How to Manage Pests
UC Pest Management Guidelines
Powdery Mildew on Greenhouse and Coastal Tomatoes
Pathogens: Oidium neolycopersici
(Reviewed 12/13, updated 12/13)
In this Guideline:
Symptoms of powdery mildew are limited to leaves. Symptoms initially appear as light green to yellow blotches or spots that range from 0.125 to 0.5 inch (3–12 mm) in diameter on the upper surface of the leaf. A white, powdery growth of the fungal mycelia and spores is obvious on the top of leaves. As spots coalesce, the leaf tissue dies. The entire leaf eventually turns brown and shrivels but remains attached to the stem.
Comments on the Disease
In California, powdery mildew caused by O. neolycopersici is limited to greenhouses and fields close to the coast. Conidia are easily windborne and are carried long distances. The conidia land on leaves where they germinate and enter the leaf stomata. The fungus grows at moderate to cool temperatures. Little moisture is required for the fungus to establish itself on a plant. There is experimental evidence that the pathogen has a wide host range and probably survives on other hosts or volunteer tomato plants from season to season.

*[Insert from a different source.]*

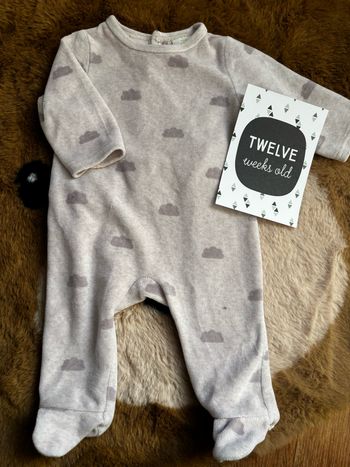 Pyjama gris nuage Tape À L’Oeil t.3m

This powdery mildew is generally not severe in coastal fields and control measures are usually not warranted. Greenhouse-grown tomatoes, however, can suffer to the point of severe economical damage. Registered fungicides, such as sulfur, may be required to control the disease in the greenhouse. Begin applications when the disease first appears.
Organically Acceptable Methods
Sulfur sprays are acceptable for use on organically certified produce.